> DATASET RECORDS:
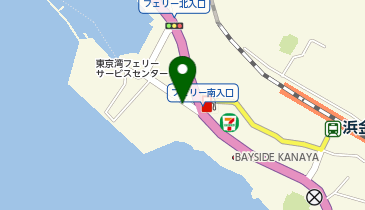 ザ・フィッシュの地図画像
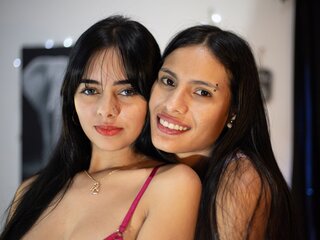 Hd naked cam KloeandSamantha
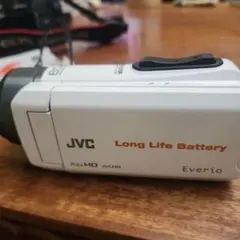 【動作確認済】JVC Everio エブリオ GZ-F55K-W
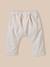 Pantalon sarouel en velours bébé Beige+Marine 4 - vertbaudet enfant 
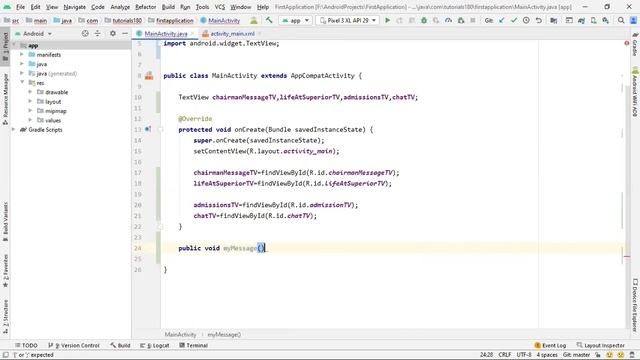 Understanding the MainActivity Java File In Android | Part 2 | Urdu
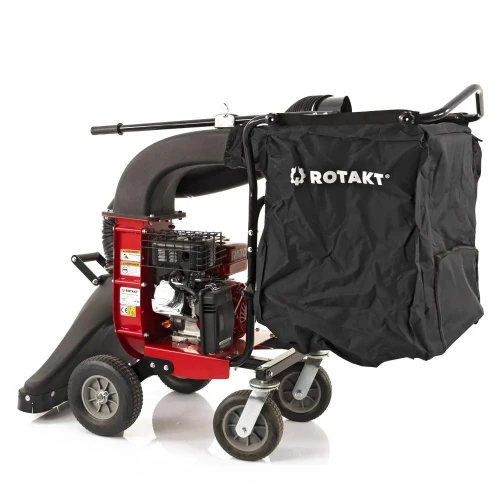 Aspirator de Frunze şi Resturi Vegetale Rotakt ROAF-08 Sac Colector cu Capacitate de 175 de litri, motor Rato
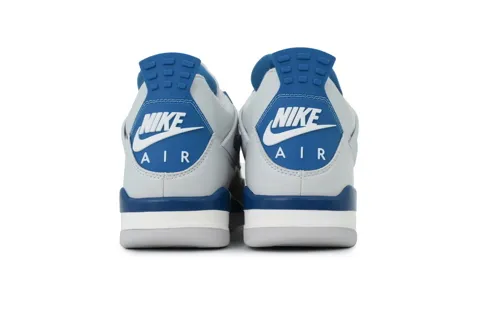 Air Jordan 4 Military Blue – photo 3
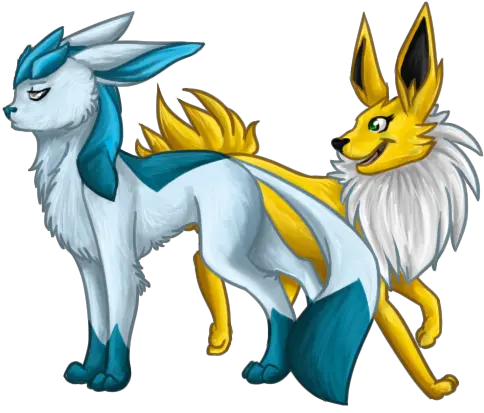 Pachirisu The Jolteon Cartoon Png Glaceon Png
--
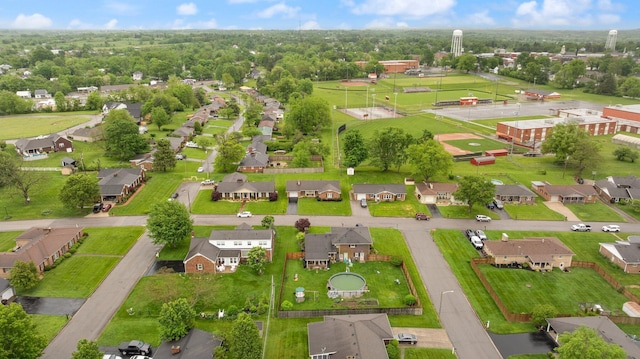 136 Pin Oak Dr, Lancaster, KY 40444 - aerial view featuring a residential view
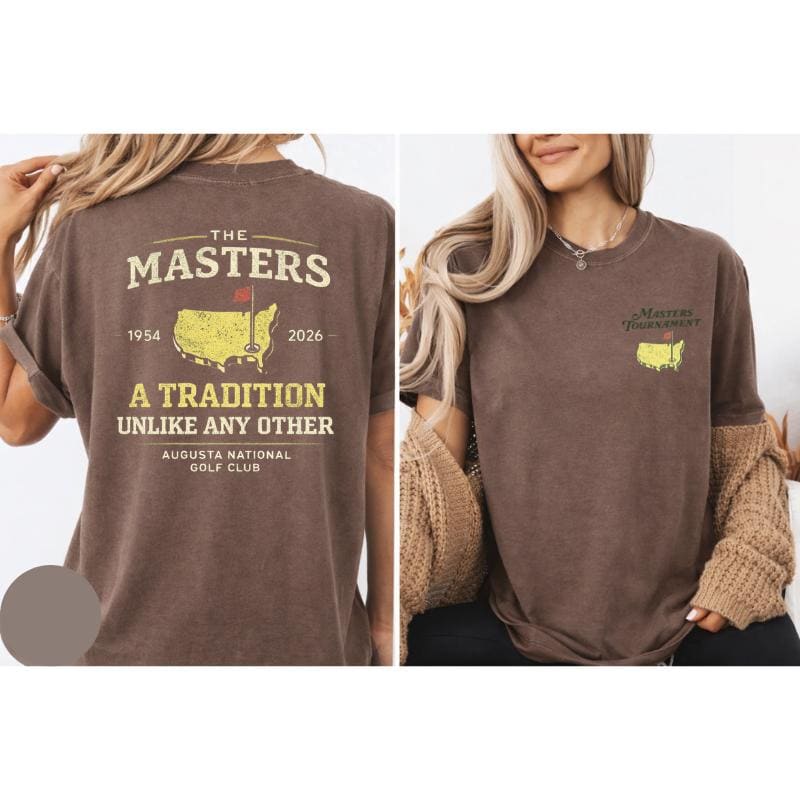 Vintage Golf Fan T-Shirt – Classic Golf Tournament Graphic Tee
==
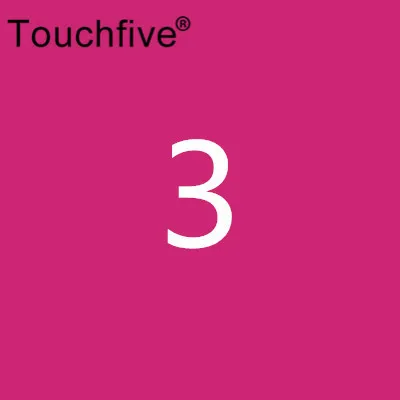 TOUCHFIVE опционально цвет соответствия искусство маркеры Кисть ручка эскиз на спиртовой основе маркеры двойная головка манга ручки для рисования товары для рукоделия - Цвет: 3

> WHAT IS EXPECTED:
What you write out is the stretch of entries from the line containing "Air Jordan 4 Military Blue – photo 3" to the line containing "Pachirisu The Jolteon", word for word, with both end lines and no pictures.

> YOUR SOLUTION:
 Air Jordan 4 Military Blue – photo 3
 Pachirisu The Jolteon Cartoon Png Glaceon Png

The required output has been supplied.